Big Ben, which celebrated its 150th birthday on Thursday, is situated inside the clock tower of the Palace of Westminster. It is the world's largest four-faced, chiming clock

The bells stand proud waiting to ring out their peals across the world.

One particularly majestic one, destined for a church in the heart of the Cotswolds, even seems to have swallowed this man whole, as he puts the finishing touches to the inside.

The picture was taken inside the venerable Whitechapel Bell Foundry Yard in east London, Britain's oldest manufacturing firm, which dates back to the mid-16th century, and is still going strong today, making (and repairing) clock and tower bells and fulfilling orders from all over the world.



The Bell Foundry Yard in Whitechapel, east London, is Britain's oldest manufacturing firm, dating back to the mid-16th century. This big bell is destined for a church in the Cotswolds.



It is also most famously where Britain's best known bell, Big Ben - the hour bell of Augustus Pugin's Great Clock of Westminster - was cast.

The bell - which is about the celebrate its 150th anniversary - weighs 15 tons, stands at a height of some 7ft and has a diameter of 10ft.

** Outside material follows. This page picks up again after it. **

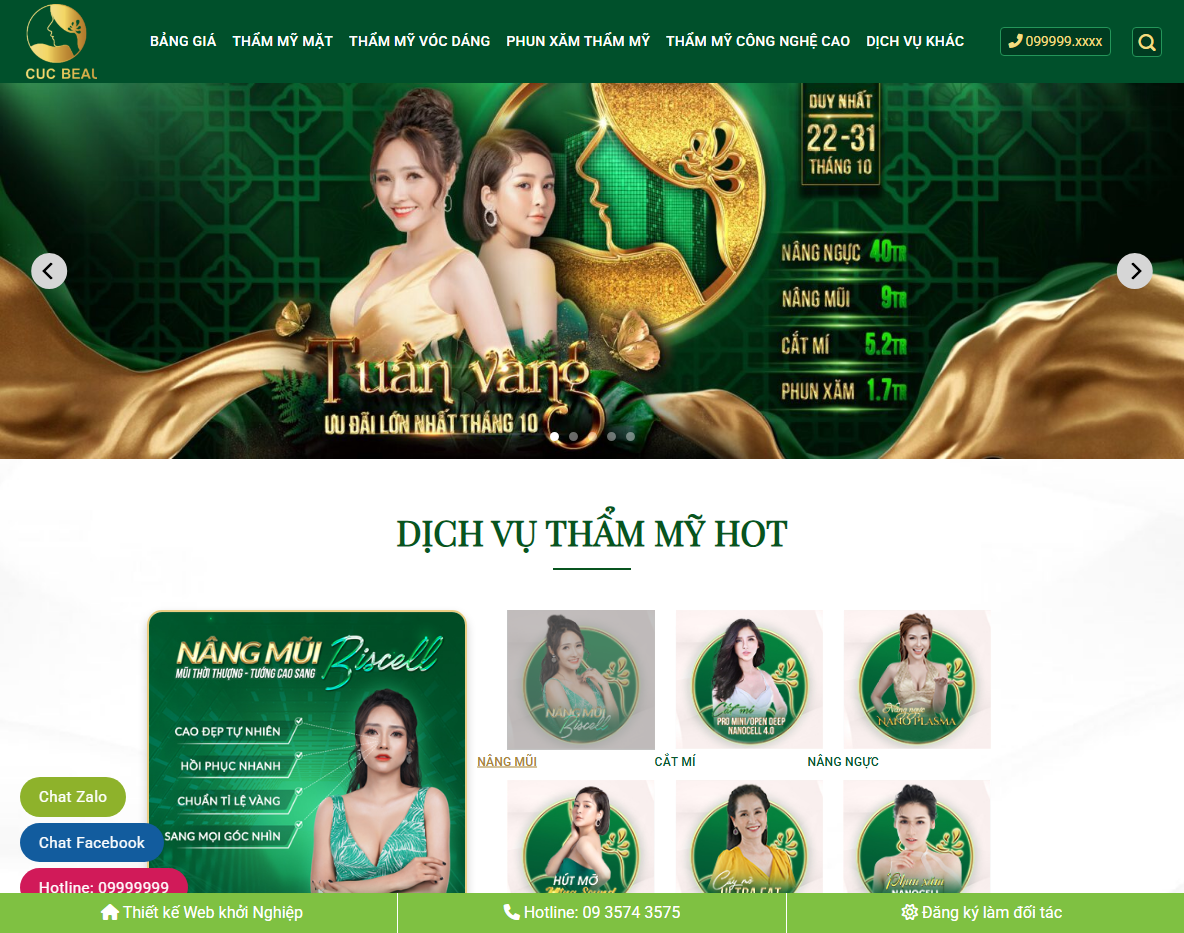 Giao diện trang chủ Theme WordPress Spa 10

Chiming on the musical note of A, it was finally mounted in the tower alongside four quarter-hour bells, the ring of bells that ring the familiar changes. George Mears, then the master bellfounder and owner of the Whitechapel Bell Foundry, undertook the casting.

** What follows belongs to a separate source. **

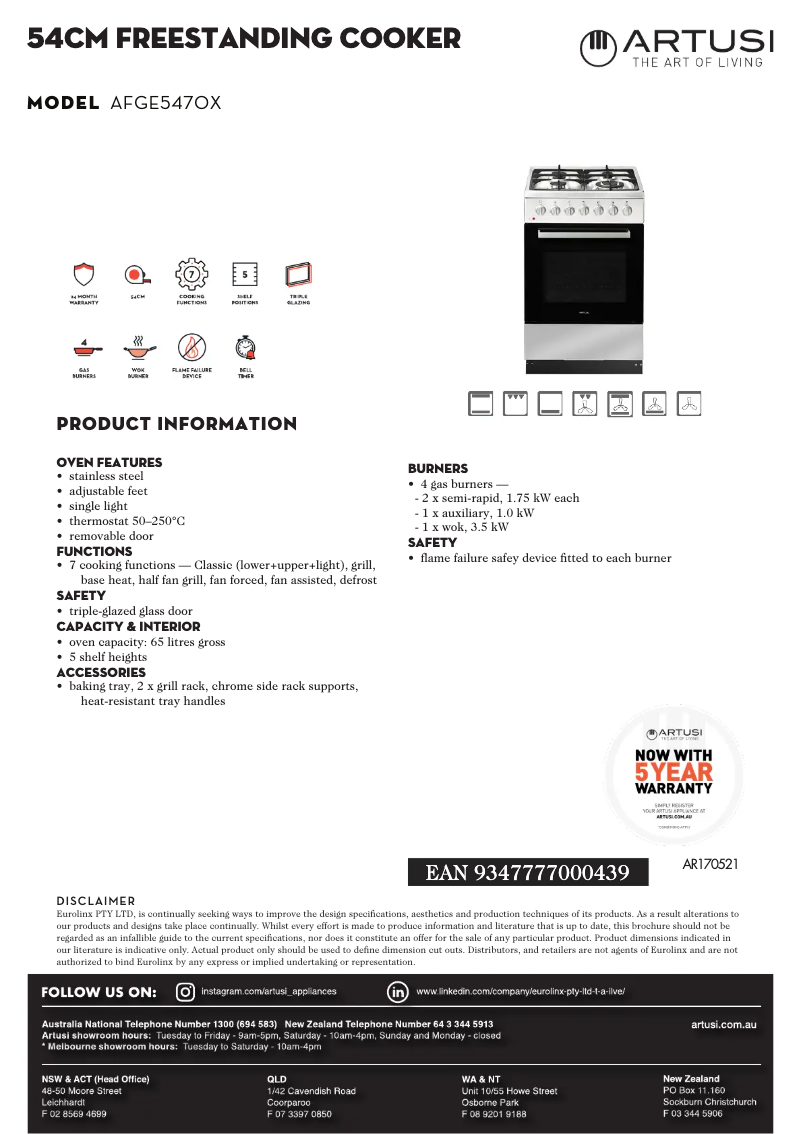 Image de la première page du manuel de l'appareil AFGE5470X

Foundry records say that he originally quoted a price of £2,401 for casting the bell (the equivalent of almost £200,000 today) but this was reduced substantially because it was possible to reclaim metal from another earlier bell - leaving the invoice tendered, on May 28, 1858, at £572 (about £60,000 in today's money).

It took a week to break up the earlier bell, three furnaces were required to melt the metal (a hard bronze alloy called 'bell metal') and the huge clay mould was heated all day before the actual casting.

It took 20 minutes to fill the mould with molten metal, and 20 days for the metal to cool.

According to records by the foundry's Alan Hughes: "Transporting Big Ben the few miles from the foundry to the Houses of Parliament was a major event. Traffic stopped as the bell, mounted on a trolley drawn by 16 brightly beribboned horse, made its way over London Bridge, along Borough Road and over Westminster Bridge."

The bells of the Great Clock of Westminster rang across London for the first time on May 31, 1859.

The bell was never officially named, but the legend of it records that the commissioner of works, Sir Benjamin Hall, was responsible for ordering the bell, so it may have been named after him.

Another theory is that the bell was named after a heavyweight boxer of the time, Benjamin Caunt.

Just two months after it officially went into service, Big Ben cracked as a hammer twice the weight recommended by the foundry was used to strike it.

It was taken out of service and for the next three years, the hours were struck on the largest of the quarter-bells.

Eventually, a lighter hammer was fitted, a square piece of metal chipped out of the bell, and the bell given an eighth of a turn to present an undamaged section to the hammer.

This is the bell as we hear it today, the crack giving it its slightly "off" tone.